Going Through Old Notebooks Part 11: What The River Brings
I started taking long walks along the river every day in the spring of 2021, after something terrible had happened.
I started taking long walks along the river every day in the spring of 2021, after something terrible had happened. At first I thought I would walk all the way to the Eiffel Tower and back, but most days I didn’t. Most days I cut the journey short by a handful of bridges, crossing over at the Pont Alexandre III, with its sculpted cattails, cavorting water nymphs, and gilded salamanders. Then I made my way back along the other bank.
I came to occupy myself with the goings-on of the river, to slip into the stream of lovers and joggers, urban fishermen, and skateboarders practicing tricks. There was almost no boat traffic, due to the lockdown, and so you could walk for hours without a boat passing or the waves that they create. As a result, the water grew so still that you could see right down to the bottom in places, to the waving river grasses and sunken shopping carts, these secrets of the Seine, the metal crowd-control barriers thrown in at some point, which had turned into algae gardens, reef systems. You could see small fishes darting in and out down there amidst the green.
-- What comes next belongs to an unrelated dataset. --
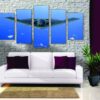 Stealth Bomber - Aircraft 5 Panel Canvas Art Wall Decor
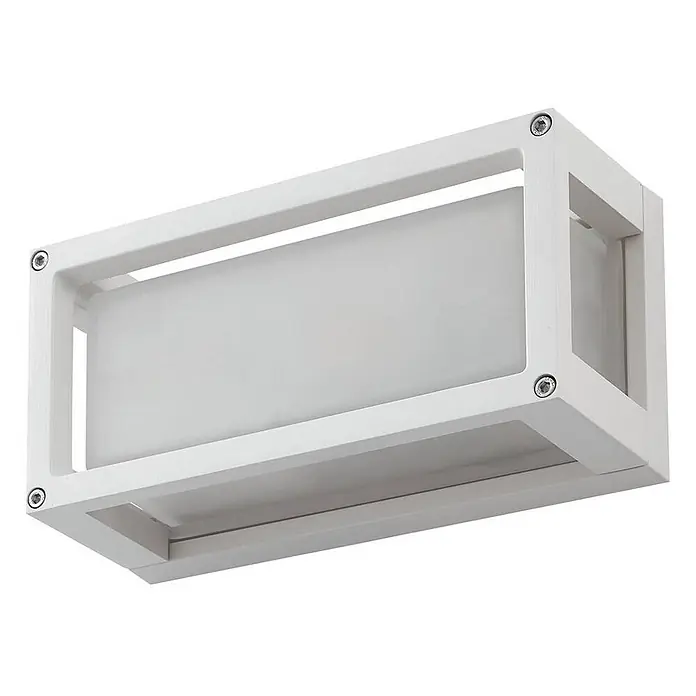 Lucande Außenwandleuchte Aurelien - weiß / opal, IP54 - Weiße rechteckige Leuchte mit mattiertem Diffusor und sichtbaren Schrauben.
The previous spring, during the first lockdown, there had been a plethora of mud-caked city bikes and drowned rental scooters thrown down there as well, suddenly visible. These were mostly the ones with bright green accents, which can be rented with an app or a code or whatever. Most of these were pulled out and piled up by the end of that first summer, and sat in rusted heaps, like ships raised from the deep, brown and deathly on the cobbled quais, before finally being disposed of. There had been a whole unseen world down there of lost things, ruined things, hidden by the constant surface disturbance of activity.
Now that the surface was stilled, a different, older world was starting to emerge. Plants used to fighting with the waves were suddenly unmolested, free to grow up to the surface, spread out there, and do their best Monet impression, blooming, sprouting water lilies. Yellow iris grew from cracks in the stones along the river’s edge.